VIOLENCE IN KERALA
From Keerikkadan Jose to ‘Quotation Teams’
Mathew A. Varghese
It is not the first time that violence as a means ‘to get things done’ becomes prominent in the South Western Indian state of Kerala. 'Goondas' (hired thugs), rowdies and KDs (Known Depredator - a term used by the Indian Police to classify criminals), were used by the powerful to control local market places, and political groups in order to hold their turf. This type of figure (s) is best represented by Keerikkadan Jose, the villain from the widely popular movie Kireedam that came out in 1989.
But following some of the high profile murders, among whom were prominent industrialists and those amongst the wealthy league, the violence associated with ‘quotation gangs’ have gained unprecedented prominence. The Quotation Teams are called so because, the crucial aspect that makes such gangs distinct from other forms of ‘goonda’ violence, are the personalised services that they offer on specified price.

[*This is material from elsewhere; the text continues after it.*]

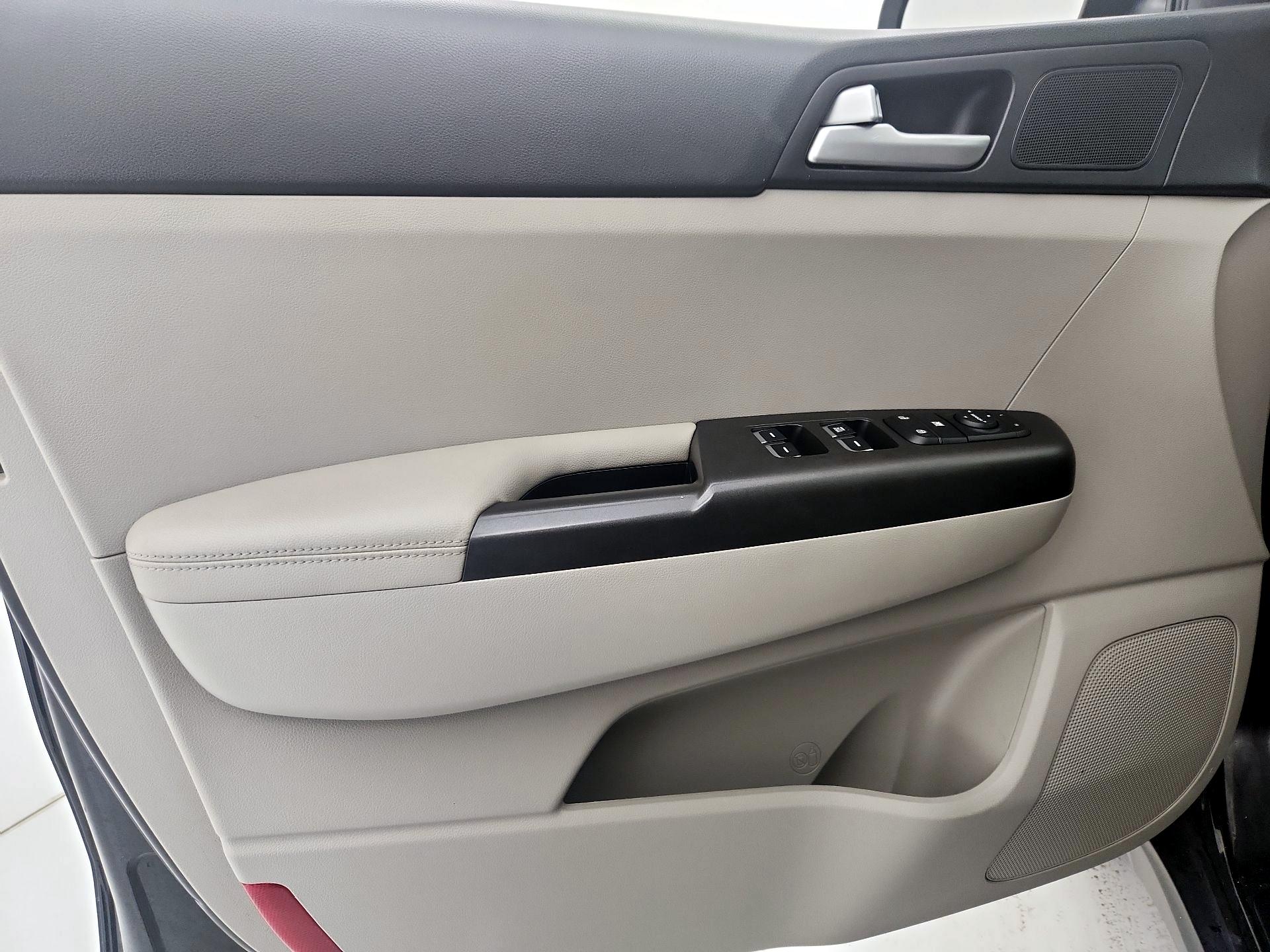 Thumbnail: 2020 Kia Sportage - 12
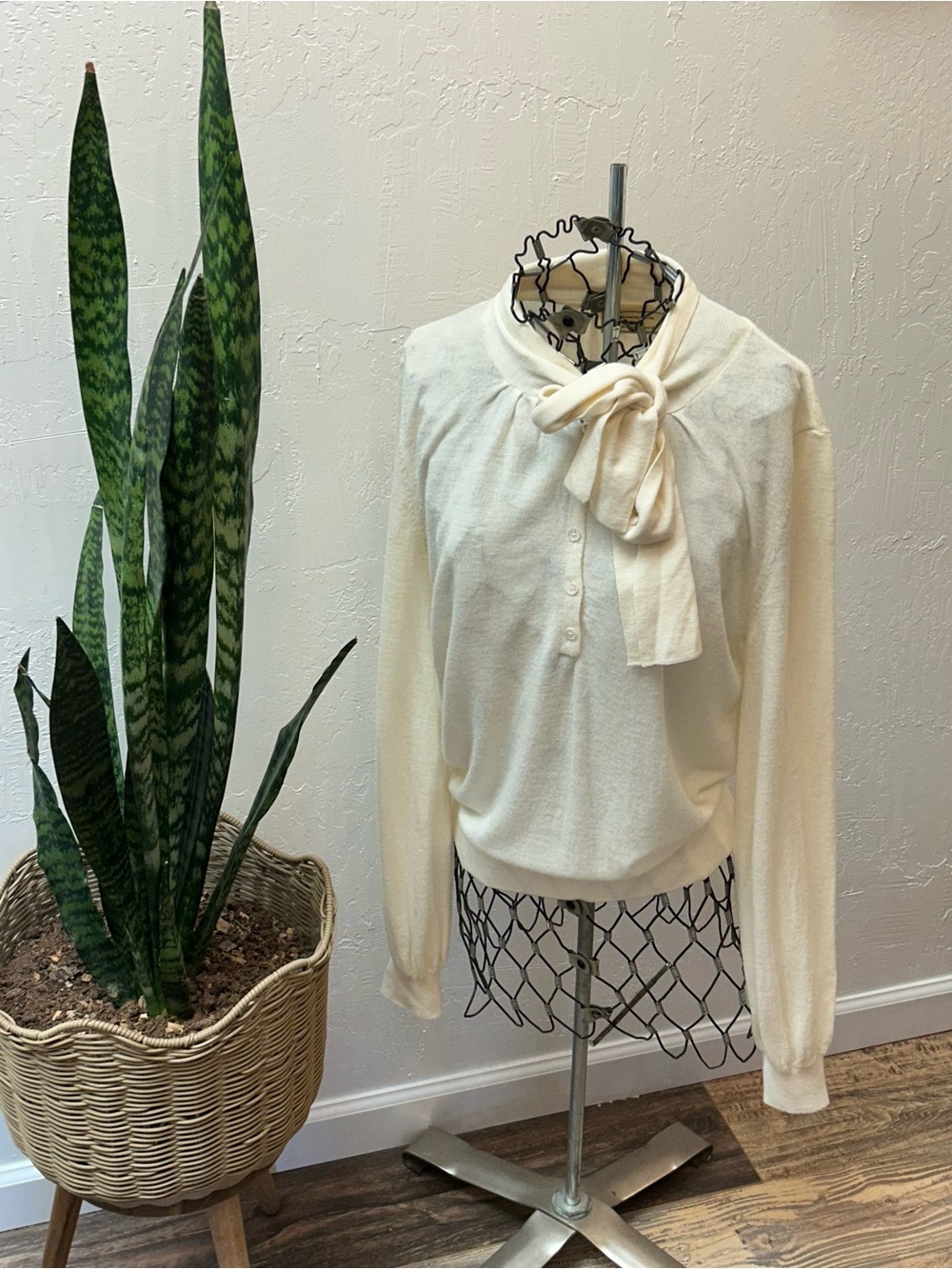 Anthropologie Moulinette Soeurs Ivory Bow Neck Sweater Top Women’s‎ Medium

The neoliberal growth with ‘urgency’ post nineties, in varying degrees blessed by political formations, has brought in significant transformations in the morphologies of violence. Despite their points of origin and actual acts of violence, the acts and the actors also gain a new life in the ways they are portrayed and received in public life through the media. News and Cinema become extremely important here. Quotation violence with all its graphical details and revelations of networks are presented every day. Such news is disjunctive from others on economic growth, festival galas, or advertisements. They are isolate events that become separate stories, each reinforcing needs of security.
At the same time these become normalized, unlike the goonda-violence of yester-year. There are often several ‘good’ quotation members who seem to have a ‘point’ against bad ones- ethical debates abound. Hagiographies of individuals from such media events circulate in everyday talk and attain a hyperreal life. But the hyperreal structures the real in the sense that violence in itself attains a state of normalcy and at the same time drives people towards new orders of living, put forth by the state.